## TASK
Only the records, exactly as written, belong in the answer; pictures do not.

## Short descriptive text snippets
........
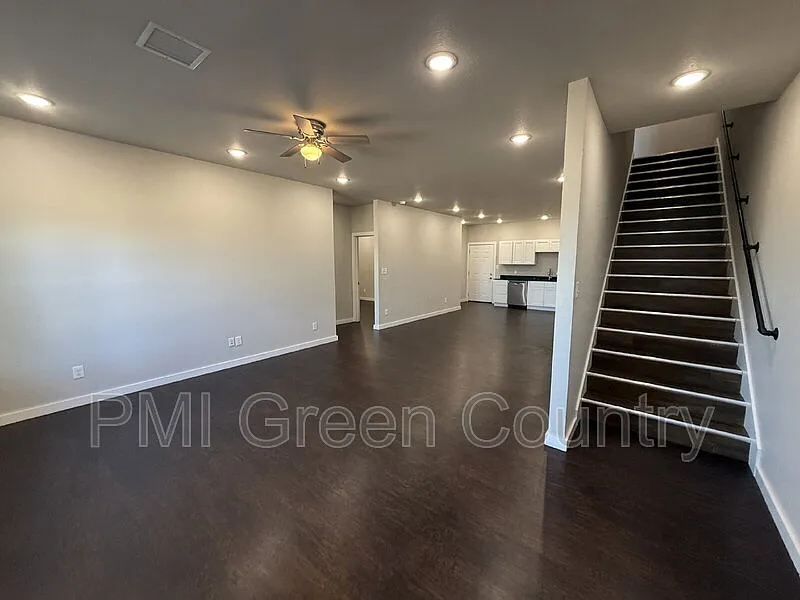 Building Photo - 13513 S Mingo Rd #7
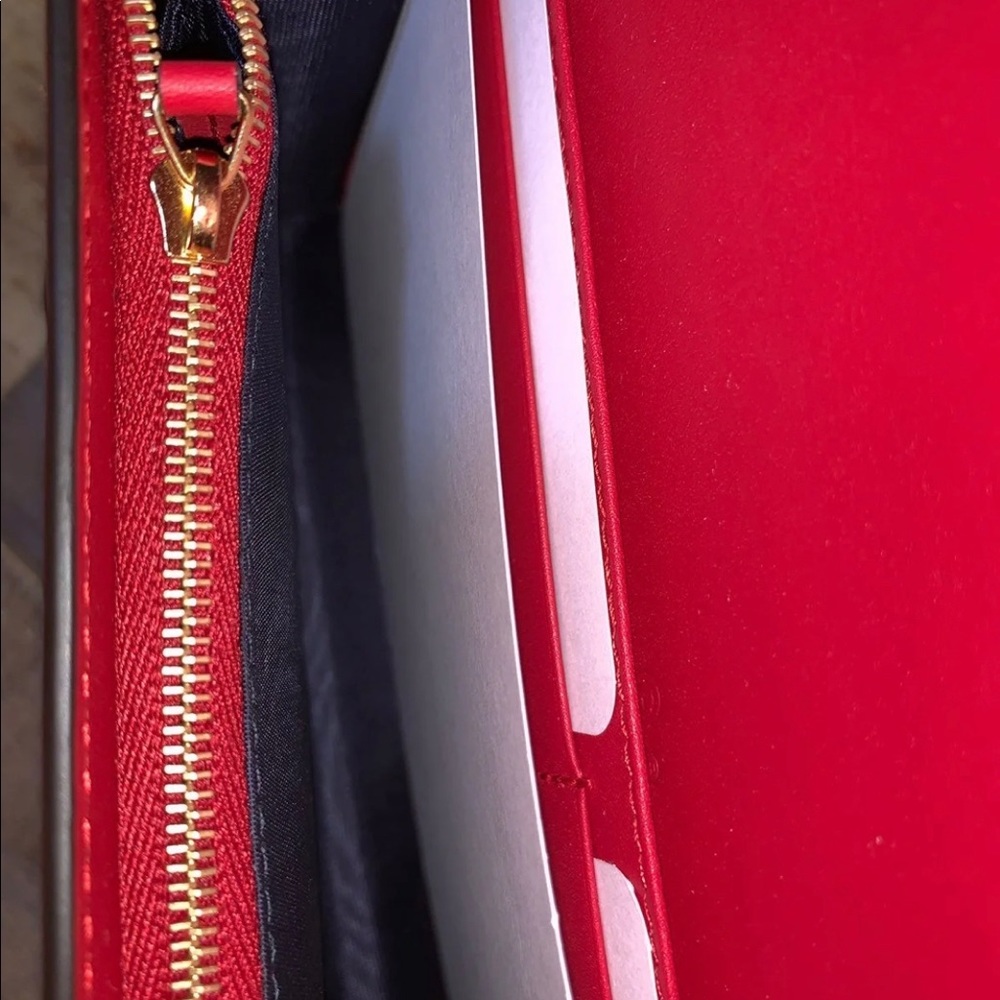 Gucci GG Supreme Blossoms Wallet on a Chain - Picture 5 of 7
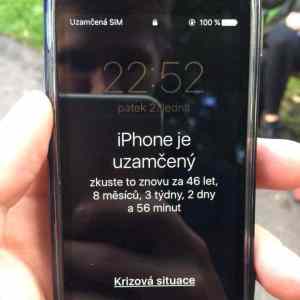Obrázek 'Iphone je na par let zamceny'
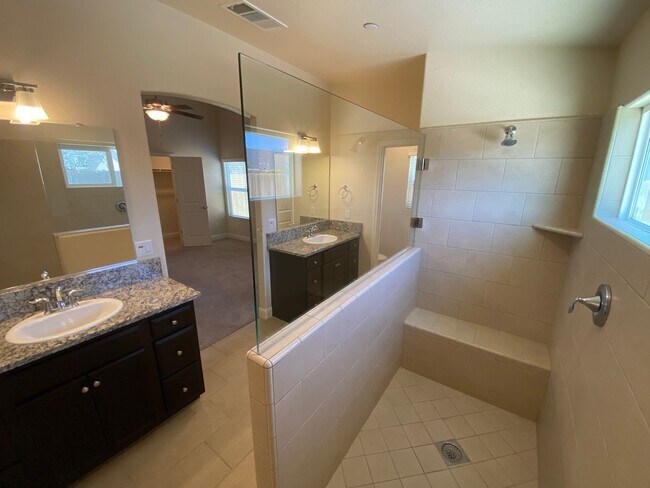Building Photo - Immaculate like New Home in the gated Windmills at Tule Heights!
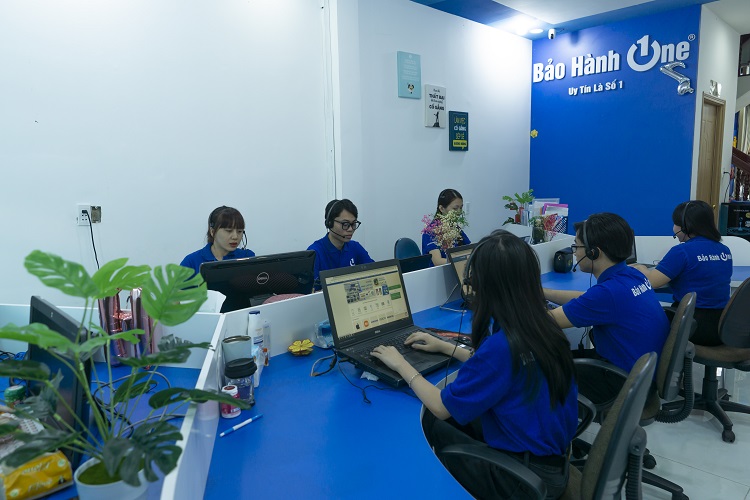 Đội ngũ nhân viên chuyên nghiệp tại Bảo Hành One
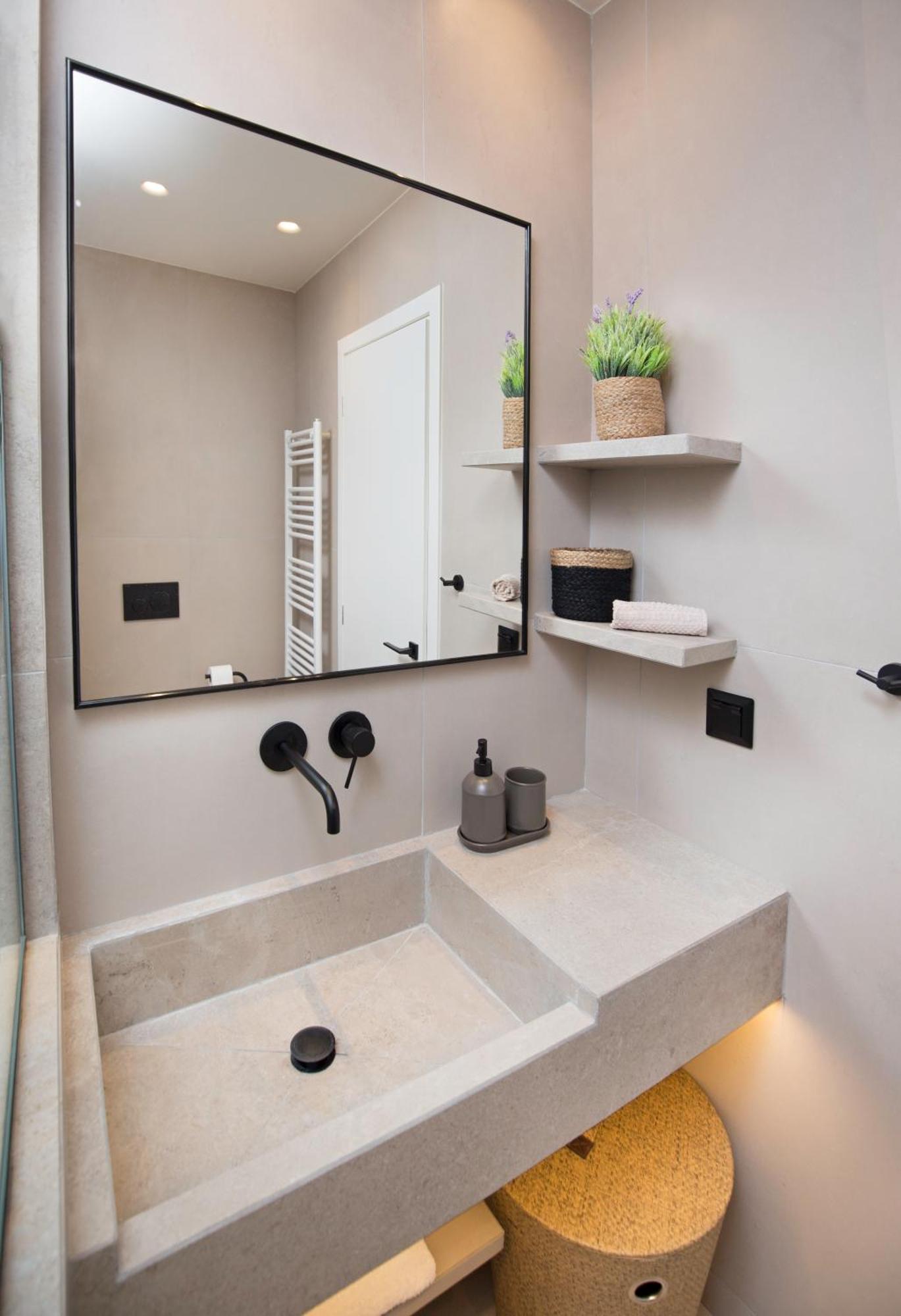 Urban Spacious Apartment Near Kallimarmaron Atene Esterno foto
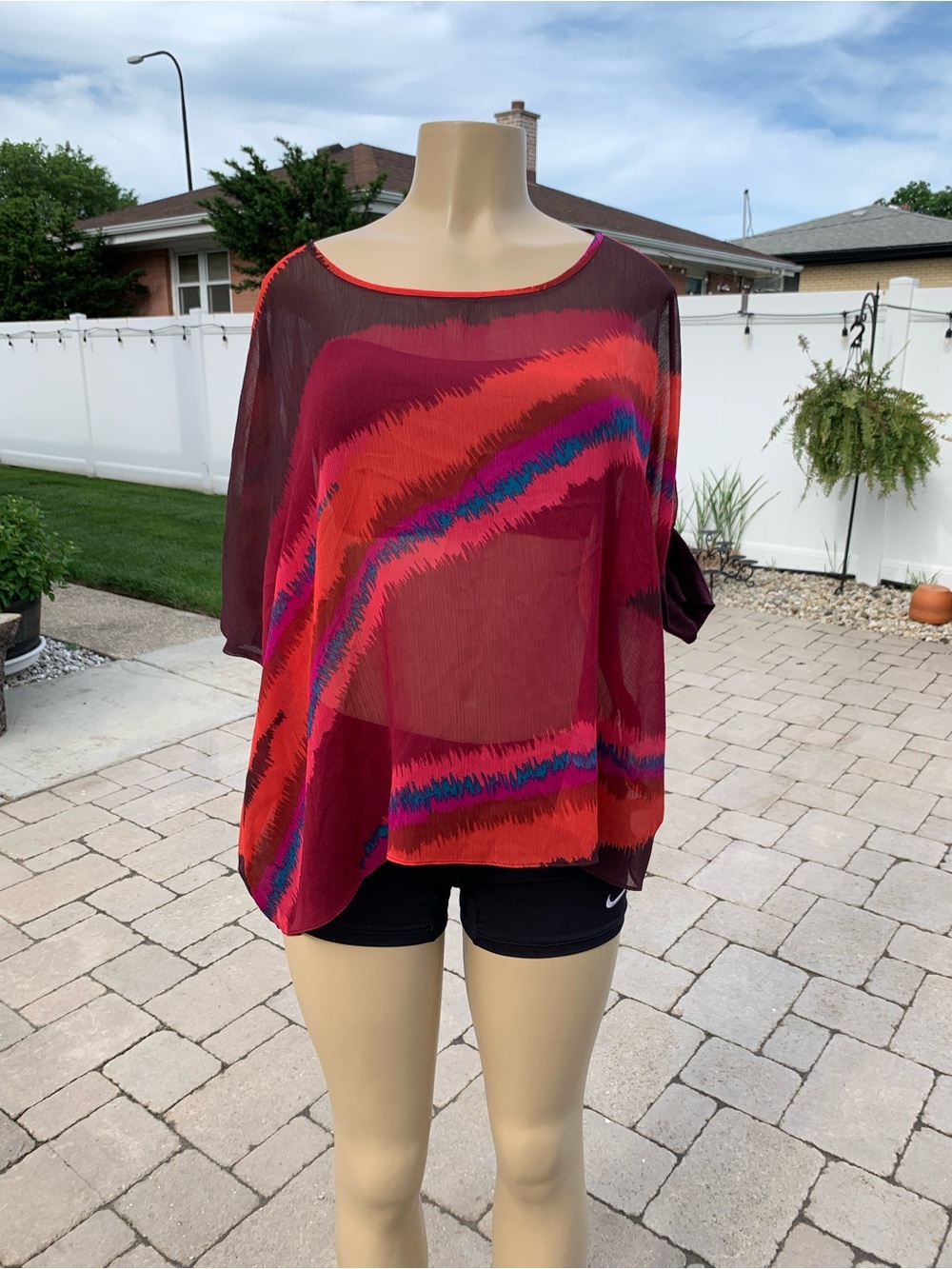 Express Sheer Abstract Stripe Women's Top in Red size M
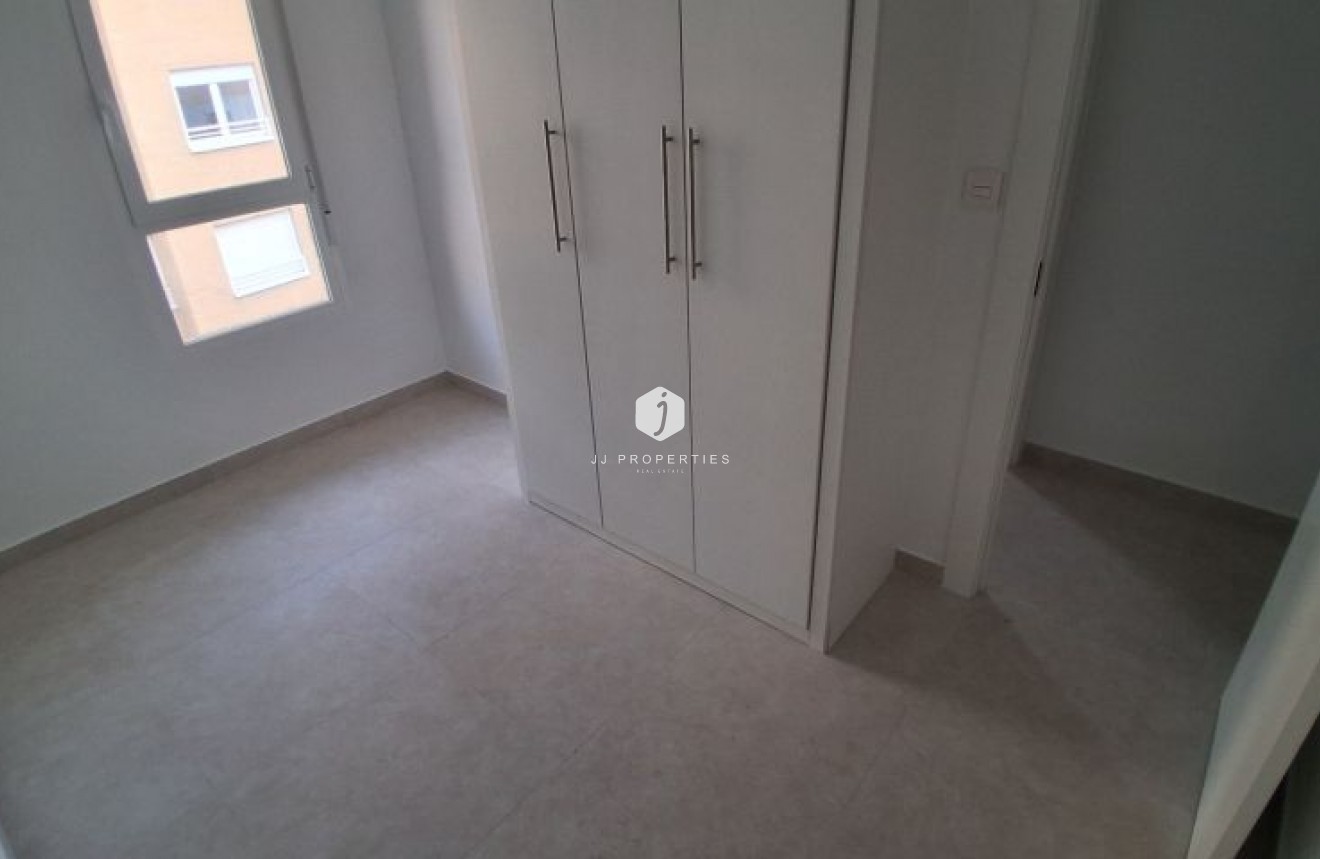 Aus zweiter Hand - Wohnung -
Torrevieja - Costa Blanca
........
## RESULT OF THE EXERCISE
 Building Photo - 13513 S Mingo Rd #7
 Gucci GG Supreme Blossoms Wallet on a Chain - Picture 5 of 7
Obrázek 'Iphone je na par let zamceny'
Building Photo - Immaculate like New Home in the gated Windmills at Tule Heights!
 Đội ngũ nhân viên chuyên nghiệp tại Bảo Hành One
 Urban Spacious Apartment Near Kallimarmaron Atene Esterno foto
 Express Sheer Abstract Stripe Women's Top in Red size M
 Aus zweiter Hand - Wohnung -
Torrevieja - Costa Blanca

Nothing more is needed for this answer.